Но король в то же мгновение мне ответил:
— К сожалению, это совершенно невозможно, потому что у нас вот уже несколько лет царит голод и мы подкрепляемся только водой.
Вернувшись, я стал с надеждой ждать, что мне пришлет еду верховный вождь, но по прошествии нескольких часов и когда никакой еды для меня не прислали, я проглотил от голода стыд, и сам отправился к вождю, и бесстыдно попросил у него поесть. Но он сказал, что они утоляют голод водой. И он к тому же сказал, что из-за всеобщего голода у них даже за деньги невозможно добыть еду. Им не только деньги, но и богатые одеяния не приносили никакой пользы — хотя и того и другого у них скопилось великое множество, — потому что еды они купить не могли, а их одеяния давно уже стали им велики от их застарелой худобы. Объяснивши все это, верховный вождь опять посоветовал мне утолять голод холодной водой.
Я попытался воспользоваться его советами весь день пил холодную воду. Но на другое утро меня еще до рассвета разбудил мучительный голод. Поэтому, едва поднявшись, я отправился в королевский дворец и стал жаловаться придворным короля, что мне нечего есть, кроме воды, которую можно только пить. Я жаловался им с надеждой получить от них помощь, или еду. Но они прервали мои жалобы, как только услышали слово «голод», и, раздевшись, показали мне свою худобу, а потом предупредили, что если я останусь в их городе, то тоже вскоре исхудаю до полнейшей изможденности.
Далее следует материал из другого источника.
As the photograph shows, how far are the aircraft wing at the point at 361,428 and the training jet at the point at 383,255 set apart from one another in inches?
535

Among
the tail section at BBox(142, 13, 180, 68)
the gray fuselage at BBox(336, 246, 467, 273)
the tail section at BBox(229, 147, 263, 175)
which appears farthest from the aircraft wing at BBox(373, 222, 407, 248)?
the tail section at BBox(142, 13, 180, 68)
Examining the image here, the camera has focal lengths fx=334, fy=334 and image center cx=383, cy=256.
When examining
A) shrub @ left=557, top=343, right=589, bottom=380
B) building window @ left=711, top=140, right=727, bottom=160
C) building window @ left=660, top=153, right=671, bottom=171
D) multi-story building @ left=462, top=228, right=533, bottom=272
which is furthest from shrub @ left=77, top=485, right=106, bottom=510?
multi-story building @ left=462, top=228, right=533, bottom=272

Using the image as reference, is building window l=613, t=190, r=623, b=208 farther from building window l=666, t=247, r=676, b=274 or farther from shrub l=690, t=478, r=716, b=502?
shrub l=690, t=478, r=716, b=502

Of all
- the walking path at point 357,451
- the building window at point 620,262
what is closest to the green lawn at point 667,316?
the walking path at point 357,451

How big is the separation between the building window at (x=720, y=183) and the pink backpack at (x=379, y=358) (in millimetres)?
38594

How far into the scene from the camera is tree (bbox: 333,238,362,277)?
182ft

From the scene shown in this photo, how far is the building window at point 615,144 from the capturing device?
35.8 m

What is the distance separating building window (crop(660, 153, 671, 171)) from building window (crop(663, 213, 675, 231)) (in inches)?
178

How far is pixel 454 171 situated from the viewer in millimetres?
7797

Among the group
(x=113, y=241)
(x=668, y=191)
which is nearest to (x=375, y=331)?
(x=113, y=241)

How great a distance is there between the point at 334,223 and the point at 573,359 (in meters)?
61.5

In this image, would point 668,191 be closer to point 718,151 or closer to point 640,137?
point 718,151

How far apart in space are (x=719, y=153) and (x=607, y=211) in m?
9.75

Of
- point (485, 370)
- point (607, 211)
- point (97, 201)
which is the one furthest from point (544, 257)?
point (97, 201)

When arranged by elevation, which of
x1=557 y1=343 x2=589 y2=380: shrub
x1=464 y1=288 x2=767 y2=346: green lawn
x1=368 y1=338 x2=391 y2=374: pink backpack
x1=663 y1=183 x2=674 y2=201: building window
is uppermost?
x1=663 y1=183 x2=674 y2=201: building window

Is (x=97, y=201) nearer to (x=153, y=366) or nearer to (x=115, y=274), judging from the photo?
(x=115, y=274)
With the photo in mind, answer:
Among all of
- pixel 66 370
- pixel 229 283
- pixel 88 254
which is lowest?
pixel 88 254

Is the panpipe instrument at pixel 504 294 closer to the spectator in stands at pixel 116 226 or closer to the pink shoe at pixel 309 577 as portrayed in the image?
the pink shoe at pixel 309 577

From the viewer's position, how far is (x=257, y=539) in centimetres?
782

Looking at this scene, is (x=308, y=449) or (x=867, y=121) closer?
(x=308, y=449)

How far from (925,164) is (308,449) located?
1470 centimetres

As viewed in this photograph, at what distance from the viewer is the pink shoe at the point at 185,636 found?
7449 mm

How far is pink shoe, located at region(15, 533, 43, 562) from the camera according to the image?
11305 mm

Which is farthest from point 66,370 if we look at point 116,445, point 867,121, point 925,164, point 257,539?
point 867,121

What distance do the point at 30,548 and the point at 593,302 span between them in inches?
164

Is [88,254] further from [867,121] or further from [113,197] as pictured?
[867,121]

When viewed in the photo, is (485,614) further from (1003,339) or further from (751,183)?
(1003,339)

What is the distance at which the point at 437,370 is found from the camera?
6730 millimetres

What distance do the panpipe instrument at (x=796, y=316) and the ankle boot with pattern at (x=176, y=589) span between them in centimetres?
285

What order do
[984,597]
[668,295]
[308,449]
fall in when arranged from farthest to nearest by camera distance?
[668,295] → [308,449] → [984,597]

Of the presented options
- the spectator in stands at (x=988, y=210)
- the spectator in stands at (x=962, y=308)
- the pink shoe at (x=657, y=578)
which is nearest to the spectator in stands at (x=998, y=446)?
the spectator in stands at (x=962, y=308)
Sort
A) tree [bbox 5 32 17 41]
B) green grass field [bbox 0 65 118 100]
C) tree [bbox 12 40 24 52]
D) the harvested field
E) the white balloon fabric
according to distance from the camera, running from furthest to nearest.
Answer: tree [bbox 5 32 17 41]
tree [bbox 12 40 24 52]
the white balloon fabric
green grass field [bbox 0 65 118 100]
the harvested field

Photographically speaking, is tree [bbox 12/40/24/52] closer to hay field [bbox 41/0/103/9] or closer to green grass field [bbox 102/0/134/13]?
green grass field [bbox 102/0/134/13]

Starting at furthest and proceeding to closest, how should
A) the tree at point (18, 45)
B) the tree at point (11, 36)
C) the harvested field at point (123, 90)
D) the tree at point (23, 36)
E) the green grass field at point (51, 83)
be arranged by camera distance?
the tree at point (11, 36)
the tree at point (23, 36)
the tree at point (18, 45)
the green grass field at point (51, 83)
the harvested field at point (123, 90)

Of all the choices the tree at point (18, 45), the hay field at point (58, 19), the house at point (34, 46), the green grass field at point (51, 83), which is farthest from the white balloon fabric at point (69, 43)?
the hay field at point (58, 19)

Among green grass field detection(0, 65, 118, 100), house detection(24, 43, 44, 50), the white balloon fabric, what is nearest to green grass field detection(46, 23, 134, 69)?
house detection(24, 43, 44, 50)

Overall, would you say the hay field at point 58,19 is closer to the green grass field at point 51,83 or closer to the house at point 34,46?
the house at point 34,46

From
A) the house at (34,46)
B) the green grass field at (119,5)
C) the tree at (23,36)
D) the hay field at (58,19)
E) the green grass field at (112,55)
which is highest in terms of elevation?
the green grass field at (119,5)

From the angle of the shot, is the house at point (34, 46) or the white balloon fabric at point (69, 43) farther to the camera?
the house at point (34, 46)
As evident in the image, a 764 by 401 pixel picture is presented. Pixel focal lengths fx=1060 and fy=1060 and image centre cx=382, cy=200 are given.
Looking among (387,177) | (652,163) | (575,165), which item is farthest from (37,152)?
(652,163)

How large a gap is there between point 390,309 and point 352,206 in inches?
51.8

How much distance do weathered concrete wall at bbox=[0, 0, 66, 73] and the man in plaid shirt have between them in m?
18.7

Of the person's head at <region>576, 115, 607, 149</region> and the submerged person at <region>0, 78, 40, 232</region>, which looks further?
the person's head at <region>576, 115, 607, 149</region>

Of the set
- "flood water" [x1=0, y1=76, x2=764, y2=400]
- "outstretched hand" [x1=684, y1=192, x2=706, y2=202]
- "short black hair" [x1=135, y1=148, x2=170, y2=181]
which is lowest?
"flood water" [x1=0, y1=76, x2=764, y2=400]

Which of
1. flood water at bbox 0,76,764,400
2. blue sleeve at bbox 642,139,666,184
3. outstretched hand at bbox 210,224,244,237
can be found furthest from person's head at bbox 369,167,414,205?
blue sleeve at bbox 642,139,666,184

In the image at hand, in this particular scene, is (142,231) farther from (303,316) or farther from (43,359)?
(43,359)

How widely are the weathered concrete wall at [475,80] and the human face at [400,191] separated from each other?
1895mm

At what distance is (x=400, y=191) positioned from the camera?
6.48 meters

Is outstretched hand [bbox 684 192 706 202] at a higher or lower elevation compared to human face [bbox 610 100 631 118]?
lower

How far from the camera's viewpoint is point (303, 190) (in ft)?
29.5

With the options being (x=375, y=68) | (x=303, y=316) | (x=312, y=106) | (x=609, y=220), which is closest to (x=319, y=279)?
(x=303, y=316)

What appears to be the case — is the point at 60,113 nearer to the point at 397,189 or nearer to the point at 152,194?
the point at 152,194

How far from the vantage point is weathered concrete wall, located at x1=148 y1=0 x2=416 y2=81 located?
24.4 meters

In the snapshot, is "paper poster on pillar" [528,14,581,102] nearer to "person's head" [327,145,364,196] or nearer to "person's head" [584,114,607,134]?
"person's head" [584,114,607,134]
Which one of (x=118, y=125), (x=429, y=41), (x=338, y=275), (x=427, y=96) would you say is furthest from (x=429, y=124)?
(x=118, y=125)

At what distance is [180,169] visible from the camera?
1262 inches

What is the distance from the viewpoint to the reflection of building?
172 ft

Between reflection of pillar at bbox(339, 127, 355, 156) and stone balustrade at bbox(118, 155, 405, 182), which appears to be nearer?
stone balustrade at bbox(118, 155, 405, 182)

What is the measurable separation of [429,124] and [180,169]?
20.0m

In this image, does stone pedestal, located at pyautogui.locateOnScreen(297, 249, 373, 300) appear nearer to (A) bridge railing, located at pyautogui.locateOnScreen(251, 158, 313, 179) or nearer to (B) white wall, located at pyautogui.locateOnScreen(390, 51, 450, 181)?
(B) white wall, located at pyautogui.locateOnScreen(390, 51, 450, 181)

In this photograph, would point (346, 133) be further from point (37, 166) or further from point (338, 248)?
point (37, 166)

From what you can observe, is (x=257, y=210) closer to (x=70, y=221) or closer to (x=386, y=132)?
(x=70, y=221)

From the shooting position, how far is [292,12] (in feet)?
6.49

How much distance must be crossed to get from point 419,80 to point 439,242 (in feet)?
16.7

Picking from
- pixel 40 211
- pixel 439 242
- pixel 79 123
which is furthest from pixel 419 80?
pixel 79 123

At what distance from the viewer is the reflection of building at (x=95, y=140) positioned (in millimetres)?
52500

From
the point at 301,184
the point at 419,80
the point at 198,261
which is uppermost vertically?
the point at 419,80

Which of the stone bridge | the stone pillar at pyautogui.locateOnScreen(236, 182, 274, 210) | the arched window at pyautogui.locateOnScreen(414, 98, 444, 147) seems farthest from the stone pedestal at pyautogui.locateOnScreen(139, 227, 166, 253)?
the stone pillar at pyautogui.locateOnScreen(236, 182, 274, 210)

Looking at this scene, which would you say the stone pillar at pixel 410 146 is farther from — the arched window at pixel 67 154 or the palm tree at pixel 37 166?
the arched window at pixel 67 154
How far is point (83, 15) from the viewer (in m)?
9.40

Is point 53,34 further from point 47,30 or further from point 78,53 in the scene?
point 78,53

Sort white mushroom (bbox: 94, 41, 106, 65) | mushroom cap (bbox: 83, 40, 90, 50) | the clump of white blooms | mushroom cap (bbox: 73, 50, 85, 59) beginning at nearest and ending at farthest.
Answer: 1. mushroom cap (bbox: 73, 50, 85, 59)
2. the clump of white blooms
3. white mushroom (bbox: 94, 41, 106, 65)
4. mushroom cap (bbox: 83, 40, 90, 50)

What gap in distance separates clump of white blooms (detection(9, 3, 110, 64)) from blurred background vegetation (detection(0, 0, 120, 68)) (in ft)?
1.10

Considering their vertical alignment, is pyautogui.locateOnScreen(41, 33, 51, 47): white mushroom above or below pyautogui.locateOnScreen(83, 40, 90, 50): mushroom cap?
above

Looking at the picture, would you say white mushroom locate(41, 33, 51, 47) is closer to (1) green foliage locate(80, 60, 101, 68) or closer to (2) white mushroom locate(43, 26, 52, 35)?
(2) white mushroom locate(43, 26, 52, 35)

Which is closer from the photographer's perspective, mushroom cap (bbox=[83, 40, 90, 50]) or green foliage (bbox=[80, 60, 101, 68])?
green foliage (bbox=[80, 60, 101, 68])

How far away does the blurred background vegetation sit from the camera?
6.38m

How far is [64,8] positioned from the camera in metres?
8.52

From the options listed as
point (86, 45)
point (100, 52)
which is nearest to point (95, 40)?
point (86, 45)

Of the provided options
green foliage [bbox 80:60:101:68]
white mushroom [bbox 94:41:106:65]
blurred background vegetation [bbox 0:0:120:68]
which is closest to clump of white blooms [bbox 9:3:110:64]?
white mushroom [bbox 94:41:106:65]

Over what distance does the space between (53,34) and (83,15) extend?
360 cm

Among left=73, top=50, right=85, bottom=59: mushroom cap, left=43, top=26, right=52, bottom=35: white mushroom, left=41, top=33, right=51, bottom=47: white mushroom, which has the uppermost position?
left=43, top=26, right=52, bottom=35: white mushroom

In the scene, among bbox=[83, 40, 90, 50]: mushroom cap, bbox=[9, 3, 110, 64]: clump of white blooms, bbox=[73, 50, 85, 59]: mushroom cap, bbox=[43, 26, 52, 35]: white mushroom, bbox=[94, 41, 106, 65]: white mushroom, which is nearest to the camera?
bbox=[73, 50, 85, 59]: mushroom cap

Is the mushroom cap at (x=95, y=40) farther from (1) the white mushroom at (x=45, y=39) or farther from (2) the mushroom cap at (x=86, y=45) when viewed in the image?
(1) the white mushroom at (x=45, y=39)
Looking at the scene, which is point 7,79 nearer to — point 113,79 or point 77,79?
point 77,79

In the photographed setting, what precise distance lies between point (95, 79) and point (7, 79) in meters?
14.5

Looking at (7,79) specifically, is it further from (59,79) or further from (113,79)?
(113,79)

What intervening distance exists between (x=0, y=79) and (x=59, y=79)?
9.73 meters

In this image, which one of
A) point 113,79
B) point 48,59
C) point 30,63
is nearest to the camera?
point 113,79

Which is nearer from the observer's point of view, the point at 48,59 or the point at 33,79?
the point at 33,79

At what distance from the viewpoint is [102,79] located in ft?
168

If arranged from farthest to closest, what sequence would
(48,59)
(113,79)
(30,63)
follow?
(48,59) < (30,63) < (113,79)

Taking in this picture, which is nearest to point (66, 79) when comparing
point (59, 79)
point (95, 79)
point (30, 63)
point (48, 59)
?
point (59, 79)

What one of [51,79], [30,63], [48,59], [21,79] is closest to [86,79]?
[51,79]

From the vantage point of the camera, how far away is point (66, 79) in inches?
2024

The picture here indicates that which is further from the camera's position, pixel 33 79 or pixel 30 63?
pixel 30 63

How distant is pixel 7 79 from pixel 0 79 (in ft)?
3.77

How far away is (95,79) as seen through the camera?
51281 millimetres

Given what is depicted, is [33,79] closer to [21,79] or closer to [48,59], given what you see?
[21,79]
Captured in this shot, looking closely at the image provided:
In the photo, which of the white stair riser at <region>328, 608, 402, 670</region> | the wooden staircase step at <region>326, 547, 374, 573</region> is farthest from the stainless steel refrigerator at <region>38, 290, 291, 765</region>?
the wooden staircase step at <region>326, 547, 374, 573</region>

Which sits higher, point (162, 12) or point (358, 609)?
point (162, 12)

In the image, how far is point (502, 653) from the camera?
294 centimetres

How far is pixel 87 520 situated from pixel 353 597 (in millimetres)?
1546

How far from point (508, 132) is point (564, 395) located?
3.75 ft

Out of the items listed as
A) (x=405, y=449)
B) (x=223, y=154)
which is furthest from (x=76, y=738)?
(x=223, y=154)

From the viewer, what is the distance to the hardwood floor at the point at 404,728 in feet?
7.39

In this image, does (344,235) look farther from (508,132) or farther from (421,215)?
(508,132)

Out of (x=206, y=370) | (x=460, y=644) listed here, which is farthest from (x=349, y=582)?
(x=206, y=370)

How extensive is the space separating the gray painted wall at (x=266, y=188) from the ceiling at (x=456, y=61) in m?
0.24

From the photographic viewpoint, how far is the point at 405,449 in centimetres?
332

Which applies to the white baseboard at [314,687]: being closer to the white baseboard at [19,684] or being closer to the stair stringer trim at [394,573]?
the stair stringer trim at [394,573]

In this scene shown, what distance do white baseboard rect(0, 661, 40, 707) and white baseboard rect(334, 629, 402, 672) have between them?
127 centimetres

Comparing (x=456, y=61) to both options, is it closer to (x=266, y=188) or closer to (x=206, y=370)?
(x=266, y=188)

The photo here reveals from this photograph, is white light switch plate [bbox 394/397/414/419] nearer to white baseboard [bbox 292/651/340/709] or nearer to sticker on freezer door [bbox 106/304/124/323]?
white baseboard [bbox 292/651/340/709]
Когда и придворные не сумели меня накормить, я с удивлением покачал головой, а потом вернулся к вождю. И вот я молча сидел в своей комнате, размышляя, где бы мне во что бы то ни стало раздобыть еду. Сначала я решил было возвратиться в свою деревню, чтобы вволю поесть и принести оттуда съестных припасов для продажи голодающим горожанам. Но потом вспомнил, что деревня моя чересчур далеко, а главное, туда нет дороги для путешествий с провизией.
И вот я думал, как же быть, но ничего не мог придумать, пока мне не пришло вдруг в голову отправиться на речку, которая протекала неподалеку от города, чтобы половить в ней рыбу. И тогда, без всяких колебаний, я отправился к речке. По счастью, там оказалось много лодок, привязанных к прибрежным деревьям. Я отвязал одну из лодок, прихватил свой кинжал и оттолкнул лодку от берега. А потом принялся высматривать рыбу. Но ни одной рыбы, к несчастью, не высмотрел. Зато увидел — часов примерно в двенадцать по дневному времени — болотистую пальмовую чащобу на берегу реки. И в этой чащобе росло много плодоносных пальм. Я причалил к берегу и забрался на одну из пальм. Забраться-то я забрался, да никаких плодов, к сожалению, не обнаружил. На второй пальме плодов не оказалось тоже. Но на третьей, когда я вскарабкался к самой вершине, мне посчастливилось обнаружить сразу две грозди спелых пальмовых плодов. Я торопливо прогнал птиц, которые клевали плоды, и срезал кинжалом обе грозди.